By Dr. Marta Adelsman
Life Coach in Communication and Consciousness
www.DrMartaCoach.com
(September 6, 2017)
Recently I read this definition of expectation, and I had to stop and think about it. I had never heard it described in such a way…
“Expectation is premeditated resentment.” (Author unknown)
Yet the statement rang true and prompted the following reflections:
We don’t realize we premeditate resentment when we have expectations. Yet it makes sense that’s what really happens. The premeditation part occurs in secret, in our hidden shadow self, where the ego sets us up for some real downers. The majority of the time, when we hold expectations, aren’t we usually disappointed? Yet we forge our expectations anyway.

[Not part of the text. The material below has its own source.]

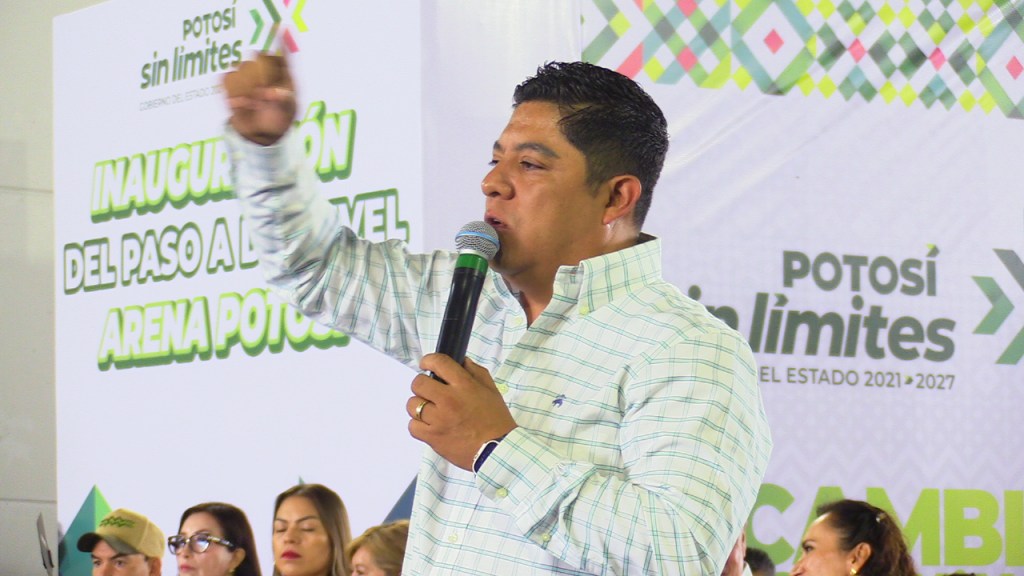 RESPALDA GALLARDO PROPUESTA DE CLAUDIA SHEINBAUM PARA REGULAR Y RESTRINGIR EL USO DE CELULARES EN LAS&nbsp;AULAS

Expectations arise to lay the responsibility for our happiness onto another. It’s not the responsibility of someone else to make us happy by falling in line with what we would have him do or be. The responsibility for our happiness lies in one place only – with ourselves.

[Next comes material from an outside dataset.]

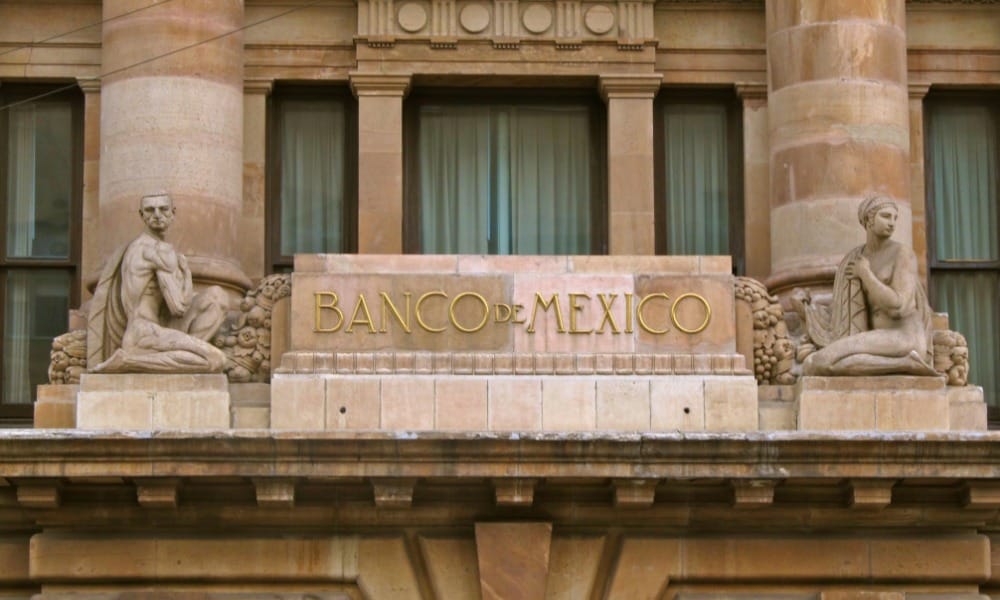 Banco de México eleva su tasa de interés en 25 puntos base, a 8.25%, en una decisión unánime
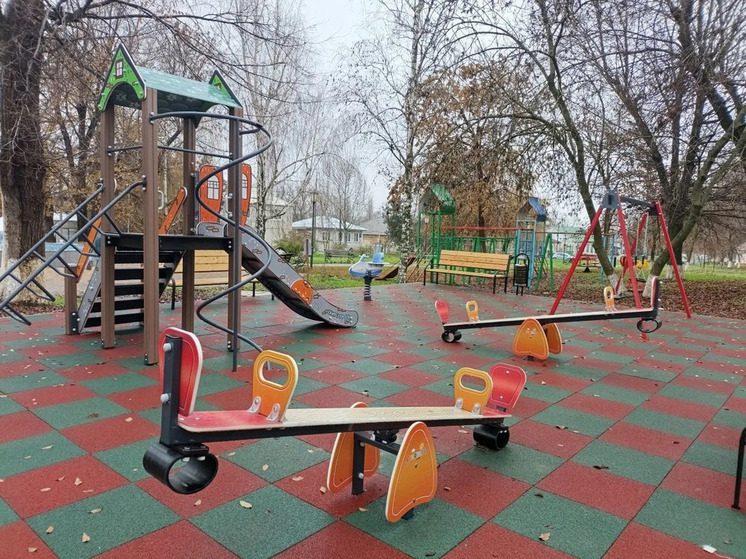  В ставропольском селе по краевой программе обустроили детскую площадку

Expectations arise to make us feel righteous. How often have I held my husband in the grip of some expectation only to feel disappointment and resentment? It’s often an unconscious process how the ego, through our expectations, sets others up to fail. Then it (the ego, the diminished little “me”) gets to feel powerful in its “rightness.” When others fail to meet our expectations, do we use it as an excuse to hold it over their heads?
There is only one expectation that serves us and others: the expectation that others will only be themselves. Always. No strings attached. We can also hold the expectation that others WILL push our buttons, causing us discomfort so we can recognize our own egos at work.

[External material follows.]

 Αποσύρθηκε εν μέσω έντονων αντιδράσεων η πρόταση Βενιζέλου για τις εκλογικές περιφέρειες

It’s our job to own and transform these patterns others reflect back to us. When we see how our expectations provide us with opportunities to move past our resentments, those resentments become our teachers. Then we can actually welcome uncomfortable feedback in the form of unmet expectations.
Yes, if we let them, expectations become a set-up for our growth in wisdom. In freeing others from our expectations, we free ourselves.